**WORK REQUEST:**
Your answer should consist of the listing, repeated exactly.

· · ·

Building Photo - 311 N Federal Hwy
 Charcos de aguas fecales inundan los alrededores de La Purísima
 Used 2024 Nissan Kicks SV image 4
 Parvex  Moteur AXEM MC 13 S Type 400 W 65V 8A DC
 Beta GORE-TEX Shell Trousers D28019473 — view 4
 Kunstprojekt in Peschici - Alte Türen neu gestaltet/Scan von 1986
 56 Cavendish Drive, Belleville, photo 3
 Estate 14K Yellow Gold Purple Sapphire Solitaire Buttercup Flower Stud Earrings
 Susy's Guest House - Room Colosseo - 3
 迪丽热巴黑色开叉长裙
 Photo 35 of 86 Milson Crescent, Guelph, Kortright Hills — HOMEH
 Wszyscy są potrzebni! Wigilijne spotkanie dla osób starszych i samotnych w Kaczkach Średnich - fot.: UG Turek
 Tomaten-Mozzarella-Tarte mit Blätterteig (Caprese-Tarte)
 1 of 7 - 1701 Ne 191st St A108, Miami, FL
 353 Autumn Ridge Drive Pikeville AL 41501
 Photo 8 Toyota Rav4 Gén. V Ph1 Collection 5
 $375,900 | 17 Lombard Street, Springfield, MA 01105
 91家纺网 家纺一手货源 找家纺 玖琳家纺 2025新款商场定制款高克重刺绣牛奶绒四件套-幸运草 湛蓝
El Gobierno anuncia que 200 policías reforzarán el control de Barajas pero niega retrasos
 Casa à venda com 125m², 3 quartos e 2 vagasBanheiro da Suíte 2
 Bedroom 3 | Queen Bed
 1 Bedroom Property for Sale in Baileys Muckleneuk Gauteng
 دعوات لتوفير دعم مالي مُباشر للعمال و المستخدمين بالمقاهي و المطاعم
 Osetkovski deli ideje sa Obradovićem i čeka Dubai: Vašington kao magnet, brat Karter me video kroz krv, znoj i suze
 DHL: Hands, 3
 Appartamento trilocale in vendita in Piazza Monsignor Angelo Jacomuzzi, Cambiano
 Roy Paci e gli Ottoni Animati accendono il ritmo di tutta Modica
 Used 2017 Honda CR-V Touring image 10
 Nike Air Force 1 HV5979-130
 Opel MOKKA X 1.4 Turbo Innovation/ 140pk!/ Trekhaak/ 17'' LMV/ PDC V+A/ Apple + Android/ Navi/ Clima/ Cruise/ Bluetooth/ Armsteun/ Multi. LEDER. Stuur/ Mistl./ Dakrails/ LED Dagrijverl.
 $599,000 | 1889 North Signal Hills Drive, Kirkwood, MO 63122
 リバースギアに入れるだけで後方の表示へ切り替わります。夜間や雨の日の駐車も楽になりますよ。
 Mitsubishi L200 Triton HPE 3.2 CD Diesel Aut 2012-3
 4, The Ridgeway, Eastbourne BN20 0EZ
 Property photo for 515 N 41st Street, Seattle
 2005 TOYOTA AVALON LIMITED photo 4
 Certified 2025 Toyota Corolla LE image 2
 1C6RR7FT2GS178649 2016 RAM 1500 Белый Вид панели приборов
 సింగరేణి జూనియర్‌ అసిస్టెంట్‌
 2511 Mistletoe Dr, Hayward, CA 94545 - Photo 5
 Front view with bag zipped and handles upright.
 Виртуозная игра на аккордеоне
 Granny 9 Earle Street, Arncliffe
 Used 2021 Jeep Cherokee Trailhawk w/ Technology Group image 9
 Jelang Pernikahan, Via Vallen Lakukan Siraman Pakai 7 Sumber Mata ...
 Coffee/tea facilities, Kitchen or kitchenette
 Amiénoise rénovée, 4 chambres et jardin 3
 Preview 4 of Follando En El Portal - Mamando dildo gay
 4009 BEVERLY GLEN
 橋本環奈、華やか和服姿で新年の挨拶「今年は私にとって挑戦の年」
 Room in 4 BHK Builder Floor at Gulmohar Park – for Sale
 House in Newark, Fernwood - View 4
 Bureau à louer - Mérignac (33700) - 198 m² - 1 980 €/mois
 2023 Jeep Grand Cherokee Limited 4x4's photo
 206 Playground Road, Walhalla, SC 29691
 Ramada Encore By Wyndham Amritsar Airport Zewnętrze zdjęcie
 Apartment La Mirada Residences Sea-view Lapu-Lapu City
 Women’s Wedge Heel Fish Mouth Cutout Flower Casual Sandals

· · ·

**RESULT OF THE EXERCISE:**
Building Photo - 311 N Federal Hwy
 Charcos de aguas fecales inundan los alrededores de La Purísima
 Used 2024 Nissan Kicks SV image 4
 Parvex  Moteur AXEM MC 13 S Type 400 W 65V 8A DC
 Beta GORE-TEX Shell Trousers D28019473 — view 4
 Kunstprojekt in Peschici - Alte Türen neu gestaltet/Scan von 1986
 56 Cavendish Drive, Belleville, photo 3
 Estate 14K Yellow Gold Purple Sapphire Solitaire Buttercup Flower Stud Earrings
 Susy's Guest House - Room Colosseo - 3
 迪丽热巴黑色开叉长裙
 Photo 35 of 86 Milson Crescent, Guelph, Kortright Hills — HOMEH
 Wszyscy są potrzebni! Wigilijne spotkanie dla osób starszych i samotnych w Kaczkach Średnich - fot.: UG Turek
 Tomaten-Mozzarella-Tarte mit Blätterteig (Caprese-Tarte)
 1 of 7 - 1701 Ne 191st St A108, Miami, FL
 353 Autumn Ridge Drive Pikeville AL 41501
 Photo 8 Toyota Rav4 Gén. V Ph1 Collection 5
 $375,900 | 17 Lombard Street, Springfield, MA 01105
 91家纺网 家纺一手货源 找家纺 玖琳家纺 2025新款商场定制款高克重刺绣牛奶绒四件套-幸运草 湛蓝
El Gobierno anuncia que 200 policías reforzarán el control de Barajas pero niega retrasos
 Casa à venda com 125m², 3 quartos e 2 vagasBanheiro da Suíte 2
 Bedroom 3 | Queen Bed
 1 Bedroom Property for Sale in Baileys Muckleneuk Gauteng
 دعوات لتوفير دعم مالي مُباشر للعمال و المستخدمين بالمقاهي و المطاعم
 Osetkovski deli ideje sa Obradovićem i čeka Dubai: Vašington kao magnet, brat Karter me video kroz krv, znoj i suze
 DHL: Hands, 3
 Appartamento trilocale in vendita in Piazza Monsignor Angelo Jacomuzzi, Cambiano
 Roy Paci e gli Ottoni Animati accendono il ritmo di tutta Modica
 Used 2017 Honda CR-V Touring image 10
 Nike Air Force 1 HV5979-130
 Opel MOKKA X 1.4 Turbo Innovation/ 140pk!/ Trekhaak/ 17'' LMV/ PDC V+A/ Apple + Android/ Navi/ Clima/ Cruise/ Bluetooth/ Armsteun/ Multi. LEDER. Stuur/ Mistl./ Dakrails/ LED Dagrijverl.
 $599,000 | 1889 North Signal Hills Drive, Kirkwood, MO 63122
 リバースギアに入れるだけで後方の表示へ切り替わります。夜間や雨の日の駐車も楽になりますよ。
 Mitsubishi L200 Triton HPE 3.2 CD Diesel Aut 2012-3
 4, The Ridgeway, Eastbourne BN20 0EZ
 Property photo for 515 N 41st Street, Seattle
 2005 TOYOTA AVALON LIMITED photo 4
 Certified 2025 Toyota Corolla LE image 2
 1C6RR7FT2GS178649 2016 RAM 1500 Белый Вид панели приборов
 సింగరేణి జూనియర్‌ అసిస్టెంట్‌
 2511 Mistletoe Dr, Hayward, CA 94545 - Photo 5
 Front view with bag zipped and handles upright.
 Виртуозная игра на аккордеоне
 Granny 9 Earle Street, Arncliffe
 Used 2021 Jeep Cherokee Trailhawk w/ Technology Group image 9
 Jelang Pernikahan, Via Vallen Lakukan Siraman Pakai 7 Sumber Mata ...
 Coffee/tea facilities, Kitchen or kitchenette
 Amiénoise rénovée, 4 chambres et jardin 3
 Preview 4 of Follando En El Portal - Mamando dildo gay
 4009 BEVERLY GLEN
 橋本環奈、華やか和服姿で新年の挨拶「今年は私にとって挑戦の年」
 Room in 4 BHK Builder Floor at Gulmohar Park – for Sale
 House in Newark, Fernwood - View 4
 Bureau à louer - Mérignac (33700) - 198 m² - 1 980 €/mois
 2023 Jeep Grand Cherokee Limited 4x4's photo
 206 Playground Road, Walhalla, SC 29691
 Ramada Encore By Wyndham Amritsar Airport Zewnętrze zdjęcie
 Apartment La Mirada Residences Sea-view Lapu-Lapu City
 Women’s Wedge Heel Fish Mouth Cutout Flower Casual Sandals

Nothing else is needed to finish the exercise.